Heavy-Chain Diseases and Myeloma-Associated Fanconi Syndrome: an Update.

Mediterr J Hematol Infect Dis 2018 1;10(1):e2018011. Epub 2018 Jan 1.

Department of Biomedical Sciences and Human Oncology, Section of Internal Medicine, University of Bari "Aldo Moro" Medical School, Bari, Italy.

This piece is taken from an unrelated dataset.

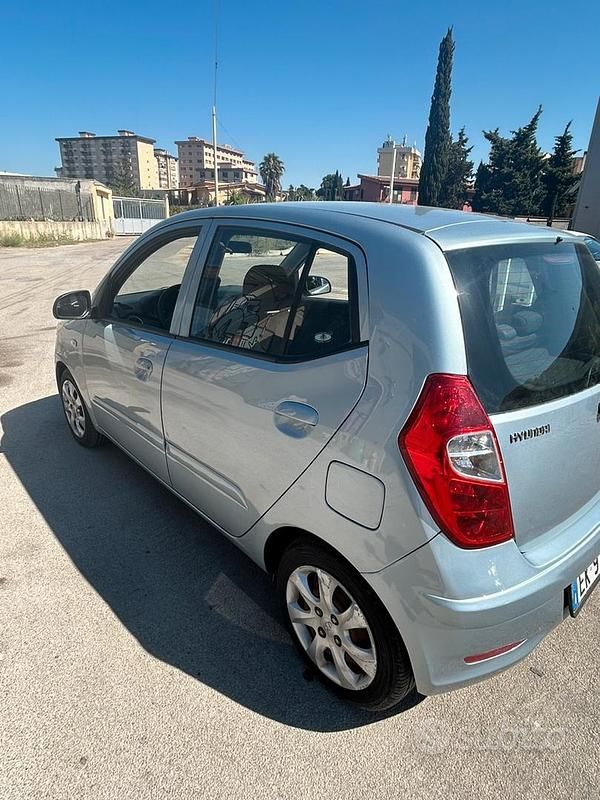 Usata Hyundai i10 69 CV (50 kW) 2011 Grigio Utilitaria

The heavy chain diseases (HCDs) are rare B-cell malignancies characterized by the production of a monoclonal immunoglobulin heavy chain without an associated light chain. There are three types of HCD, defined by the class of immunoglobulin heavy chain produced: IgA (α-HCD), IgG (γ-HCD), and IgM (μ-HCD). Alpha-HCD is the most common and usually occurs as intestinal malabsorption in a young adult from a country of the Mediterranean area. Gamma- and μ-HCDs are rarer and associated with a B-cell non-Hodgkin lymphoma that produces an abnormal Ig heavy chain. These patients may occasionally be diagnosed with a monoclonal gammopathy of undetermined significance (MGUS). Fanconi syndrome, on the other hand, can be primary (inherited) or secondary (acquired). The only exception to this rule is the idiopathic form. Adult acquired Fanconi syndrome can be a rare complication of a monoclonal gammopathy. At diagnosis, most patients have an MGUS or smoldering multiple myeloma, with renal failure and evidence of osteomalacia. During follow-up, patients can develop an end-stage renal disease. Chemotherapy provides little benefit on renal function.